Troina. Dei festeggiamenti del 2 gennaio in onore di san Silvestro, monaco basiliano e patrono di Troina, “abbiata de nuciddi” (il lancio delle noccioline), è l’evento più caratteristico.

A mezzogiorno, dopo la messa solenne celebrata dal vescovo delle Diocesi di Nicosia, S.E. Giuseppe Schillaci, nella chiesa di San Silvestro, dal balcone della sede dell’omonima confraternita, proprio a fianco la chiesa, si è rinnovato il rito dell’abbiata de nuciddi. Quest’anno, anche il vescovo Schillaci c’era sul balcone a lanciare le noccioline sulla folla di fedeli nel piazzale antistante la chiesa assieme al parroco dell’Unità parrocchiale Maria SS del Carmelo-San Matteo, don Giuseppe Maenza, al procuratore Silvestro Attardi e al governatore Carmelo Siciliano della Confraternita di San Silvestro E’ un rito che si ripete puntualmente ogni anno, il 2 gennaio, le cui origini si perdono nella notte dei tempi. Sul significato di questa tradizionale “abbiata de nuciddi” si possono fare diverse congetture. E’ plausibile pensare che originariamente fosse un modo come un altro con il quale le classi agiate, in occasione della festa del patrono del paese, intendevano fare beneficenza ai poveri per sciogliere un voto contratto con san Silvestro per una grazia ricevuta. E’ difficile pensare che il contadino povero e il bracciante avessero i soldi necessari per comprare le noccioline da lanciare sulla folla che si assiepava davanti la chiesa nella speranza di raccoglierne quante più ne poteva.




Il contadino povero e il bracciante avevano un altro modo per sciogliere il voto: il pellegrinaggio sui Nebrodi, nella penultima settimana di maggio, a raccogliere allora da portare sulla tomba di san Silvestro. Nel canto dei Ramara, che sono i devoti che vanno in pellegrinaggio nella penultima settimana di maggio, c’è un verso, che è un’invocazione alla Madonna e a sant’Agata, che fa capire chi fossero a dare ai monaci basiliani le noccioline da lanciare sulla folla di devoti che si accalcava davanti la chiesa. Sono questi i brani del canto dei Ramara: “Madonna quantu è javutu stu suli, sant’Aita facitulu cuddari. Avi di l’abba chi sugnu a buccuni, li rini si li manciuni li cani. Nun l’ata a fare no ppi lu patrunu, ma ppi lu poviru junnataru” (Madonna quanto è alto questo sole, sant’Agata fatelo tramontare.

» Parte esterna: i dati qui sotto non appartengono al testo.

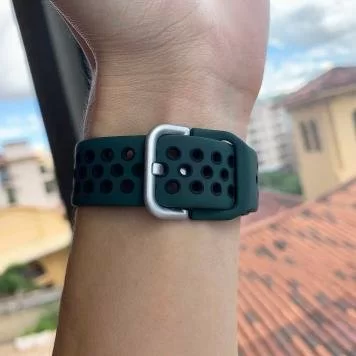 Ремешок без кнопки Sport Amazfit, Haylou, Samsung, Huawei 22 мм Dark Green 3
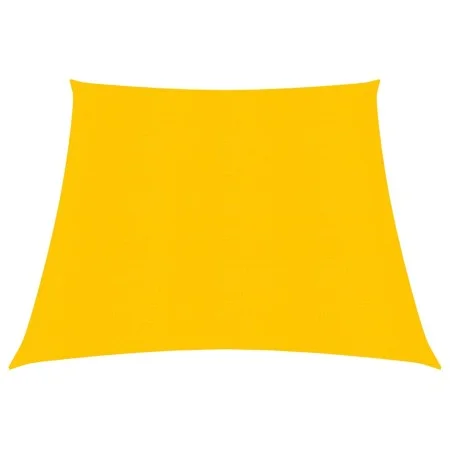 Toldo de vela HDPE amarillo 160 g/m² 3/4x2 m de vidaXL, Sombrillas - Ref: Foro24-311598, Precio: 29,32 €, Descuento: %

E’ dall’alba che sono a carponi, le reni se le mangiano i cani. Non dovete farlo per il padrone, ma per il povero bracciante). C’è da chiedersi perché proprio le noccioline, e non altri frutti come mandorle ad esempio, vengono lanciate sulla folla? Presso gli antichi romani, era diffusa l’usanza di offrire nocciole durante le cerimonie matrimoniali per augurare fecondità. Questo simbolismo gli antichi romani l’avevano appreso dai celti che per gli alberi aveva una vera e propria venerazione. Per i celti, l’albero del nocciolo era il simbolo di fertilità.